Sugar Sammy returns for encore performance

by Melvin Durai


It might have been his performances on TV or perhaps it was the clips on YouTube.


Whatever the reason, Sugar Sammy was suddenly a hot commodity in Greater Vancouver. The Indo-Canadian comic has performed here thrice before, but the response was never as rabid as what he experienced in early January at Lafflines Comedy Club in New Westminster, the first leg of a two-month cross-country tour to promote his new CD.


“That’s when it exploded,” he said. “The show went crazy and it sold out. The people really came to see me.”


More than 80 per cent of the crowd was Indo-Canadian, a proportion he hadn’t seen in Canada before. The show was so popular that Laughlines is bringing him back March 13 to 15.


He’s happy to oblige, calling Vancouver his second favorite city in Canada, after his native Montreal. “It’s so beautiful,” he said. “I love the weather there. There’s a great atmosphere there.”

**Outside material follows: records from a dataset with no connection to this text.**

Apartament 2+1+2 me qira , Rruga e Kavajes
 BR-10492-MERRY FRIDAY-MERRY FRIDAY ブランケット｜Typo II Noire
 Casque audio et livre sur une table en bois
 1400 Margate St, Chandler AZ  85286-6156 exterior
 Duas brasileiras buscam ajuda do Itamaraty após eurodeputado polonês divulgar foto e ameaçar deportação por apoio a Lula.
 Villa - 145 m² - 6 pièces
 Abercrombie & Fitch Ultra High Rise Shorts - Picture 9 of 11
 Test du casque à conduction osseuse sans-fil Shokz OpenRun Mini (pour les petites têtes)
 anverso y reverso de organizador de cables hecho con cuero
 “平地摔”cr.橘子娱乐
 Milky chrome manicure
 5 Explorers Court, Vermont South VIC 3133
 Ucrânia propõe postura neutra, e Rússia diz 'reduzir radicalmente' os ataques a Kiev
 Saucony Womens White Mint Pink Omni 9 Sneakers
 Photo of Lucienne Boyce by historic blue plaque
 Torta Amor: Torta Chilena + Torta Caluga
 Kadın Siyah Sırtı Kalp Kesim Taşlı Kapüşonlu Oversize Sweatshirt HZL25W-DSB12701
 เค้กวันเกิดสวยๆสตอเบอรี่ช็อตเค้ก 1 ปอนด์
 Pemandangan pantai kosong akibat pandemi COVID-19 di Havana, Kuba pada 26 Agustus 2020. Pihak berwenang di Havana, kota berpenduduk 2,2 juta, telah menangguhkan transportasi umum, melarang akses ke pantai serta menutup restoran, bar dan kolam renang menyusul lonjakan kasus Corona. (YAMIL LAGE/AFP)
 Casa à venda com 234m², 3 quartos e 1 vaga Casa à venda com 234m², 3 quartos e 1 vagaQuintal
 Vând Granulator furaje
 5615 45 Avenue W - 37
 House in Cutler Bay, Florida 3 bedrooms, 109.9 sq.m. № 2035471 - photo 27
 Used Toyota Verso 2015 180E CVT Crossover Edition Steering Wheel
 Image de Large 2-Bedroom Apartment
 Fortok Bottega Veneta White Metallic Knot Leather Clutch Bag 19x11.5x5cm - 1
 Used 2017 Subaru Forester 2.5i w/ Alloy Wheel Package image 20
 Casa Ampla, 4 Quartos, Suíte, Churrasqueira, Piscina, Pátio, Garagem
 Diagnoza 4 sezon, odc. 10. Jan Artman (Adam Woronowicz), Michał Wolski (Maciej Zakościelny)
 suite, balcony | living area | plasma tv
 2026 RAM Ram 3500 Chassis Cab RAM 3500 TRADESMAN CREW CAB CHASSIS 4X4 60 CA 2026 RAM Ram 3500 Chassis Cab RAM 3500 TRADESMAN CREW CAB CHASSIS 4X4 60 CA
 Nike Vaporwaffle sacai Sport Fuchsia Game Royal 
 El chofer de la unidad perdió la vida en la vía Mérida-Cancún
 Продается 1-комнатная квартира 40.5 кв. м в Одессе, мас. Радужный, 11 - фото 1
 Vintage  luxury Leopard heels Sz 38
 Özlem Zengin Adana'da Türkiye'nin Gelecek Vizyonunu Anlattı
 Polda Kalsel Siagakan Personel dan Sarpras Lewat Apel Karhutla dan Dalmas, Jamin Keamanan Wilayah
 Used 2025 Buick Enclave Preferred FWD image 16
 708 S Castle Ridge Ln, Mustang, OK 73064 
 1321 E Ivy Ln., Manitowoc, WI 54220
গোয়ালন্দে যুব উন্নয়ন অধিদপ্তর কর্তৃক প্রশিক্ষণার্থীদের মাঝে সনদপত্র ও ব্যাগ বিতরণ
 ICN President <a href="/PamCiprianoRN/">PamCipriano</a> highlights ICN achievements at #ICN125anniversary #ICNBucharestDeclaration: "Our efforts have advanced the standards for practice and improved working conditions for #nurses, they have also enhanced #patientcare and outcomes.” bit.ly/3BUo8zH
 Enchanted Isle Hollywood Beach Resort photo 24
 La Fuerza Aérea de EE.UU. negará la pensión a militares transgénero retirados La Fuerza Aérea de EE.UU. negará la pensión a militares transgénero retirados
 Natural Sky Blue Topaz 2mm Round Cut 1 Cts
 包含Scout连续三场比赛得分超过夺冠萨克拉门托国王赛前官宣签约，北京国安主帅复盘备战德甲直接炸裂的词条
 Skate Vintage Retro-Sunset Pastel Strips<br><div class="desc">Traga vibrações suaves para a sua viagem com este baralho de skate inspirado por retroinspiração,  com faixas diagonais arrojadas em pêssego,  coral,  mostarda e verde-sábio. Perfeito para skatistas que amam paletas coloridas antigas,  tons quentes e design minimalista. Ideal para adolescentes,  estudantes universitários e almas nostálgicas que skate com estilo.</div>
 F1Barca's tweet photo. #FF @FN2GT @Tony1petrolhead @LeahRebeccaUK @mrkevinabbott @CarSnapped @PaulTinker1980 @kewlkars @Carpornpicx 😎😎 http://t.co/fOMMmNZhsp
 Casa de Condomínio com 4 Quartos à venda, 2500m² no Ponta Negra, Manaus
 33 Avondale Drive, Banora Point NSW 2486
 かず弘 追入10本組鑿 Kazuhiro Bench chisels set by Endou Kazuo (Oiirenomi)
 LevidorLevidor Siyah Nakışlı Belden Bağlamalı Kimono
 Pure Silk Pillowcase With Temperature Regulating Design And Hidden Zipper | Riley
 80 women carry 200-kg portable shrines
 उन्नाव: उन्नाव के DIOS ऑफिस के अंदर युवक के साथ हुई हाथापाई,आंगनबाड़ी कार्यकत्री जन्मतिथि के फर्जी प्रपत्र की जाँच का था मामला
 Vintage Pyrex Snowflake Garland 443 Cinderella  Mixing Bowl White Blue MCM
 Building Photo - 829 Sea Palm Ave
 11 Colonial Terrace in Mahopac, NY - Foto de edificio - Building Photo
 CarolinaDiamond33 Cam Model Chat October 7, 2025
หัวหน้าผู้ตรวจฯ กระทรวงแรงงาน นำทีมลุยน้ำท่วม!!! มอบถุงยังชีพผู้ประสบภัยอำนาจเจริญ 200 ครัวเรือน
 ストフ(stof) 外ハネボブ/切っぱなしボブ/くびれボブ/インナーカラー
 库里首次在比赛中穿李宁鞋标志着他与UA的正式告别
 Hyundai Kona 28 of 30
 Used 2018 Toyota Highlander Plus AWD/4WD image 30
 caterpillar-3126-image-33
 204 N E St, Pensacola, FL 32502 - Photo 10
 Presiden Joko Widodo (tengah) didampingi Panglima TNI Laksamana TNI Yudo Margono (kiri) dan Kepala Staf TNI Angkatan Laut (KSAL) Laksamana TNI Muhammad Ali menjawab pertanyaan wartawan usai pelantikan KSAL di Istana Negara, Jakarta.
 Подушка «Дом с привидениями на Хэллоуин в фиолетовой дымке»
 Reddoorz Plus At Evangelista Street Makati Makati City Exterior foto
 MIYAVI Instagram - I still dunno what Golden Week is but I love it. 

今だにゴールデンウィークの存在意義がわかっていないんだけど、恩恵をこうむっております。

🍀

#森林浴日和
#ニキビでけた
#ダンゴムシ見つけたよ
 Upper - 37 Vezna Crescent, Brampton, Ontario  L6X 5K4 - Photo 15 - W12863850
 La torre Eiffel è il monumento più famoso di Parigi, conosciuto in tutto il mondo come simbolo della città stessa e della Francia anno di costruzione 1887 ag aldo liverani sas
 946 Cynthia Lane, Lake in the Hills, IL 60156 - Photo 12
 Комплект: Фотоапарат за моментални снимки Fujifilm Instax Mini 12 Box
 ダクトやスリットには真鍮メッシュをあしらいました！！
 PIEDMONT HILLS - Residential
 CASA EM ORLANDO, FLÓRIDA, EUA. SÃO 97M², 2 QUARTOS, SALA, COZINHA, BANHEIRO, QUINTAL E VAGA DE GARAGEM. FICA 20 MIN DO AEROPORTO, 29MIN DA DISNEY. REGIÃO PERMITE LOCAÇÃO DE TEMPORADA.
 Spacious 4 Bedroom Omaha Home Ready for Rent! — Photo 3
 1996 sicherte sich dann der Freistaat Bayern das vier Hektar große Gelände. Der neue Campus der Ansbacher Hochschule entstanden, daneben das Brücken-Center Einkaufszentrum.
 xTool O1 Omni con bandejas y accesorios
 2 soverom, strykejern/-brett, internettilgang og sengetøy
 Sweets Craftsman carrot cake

His performances are a blend of well-polished material and improvisational comedy. Anyone sitting near the stage is a potential target for his razor-sharp wit. And he’s bound to flirt with a pretty woman or two, using the type of smooth lines that earned him the nickname “Sugar Sammy” when he was a frat boy in college, otherwise known as Samir Khullar.


A professional since 2004, he has performed on TV several times and is part of an exclusive club of Canadian comics who can draw throngs around the world. He has caused sides to split in Europe, Asia, Africa and, of course, North America. “The only continent I’m missing is Australia and I’m going there in April,” he said.


For a show in South Africa, he sold a staggering 10,000 tickets in just one month. His stardom there went far beyond anything he could have imagined.


Indeed, much like his childhood idol Eddie Murphy, Sammy isn’t averse to using colorful language and delving into risqué topics, whether he’s suggesting that an audience member is well-endowed or demonstrating how the line “Who’s your daddy?” would work with a woman from rural India.


He was only eight-years-old when he got his first exposure to Murphy’s raunchy act.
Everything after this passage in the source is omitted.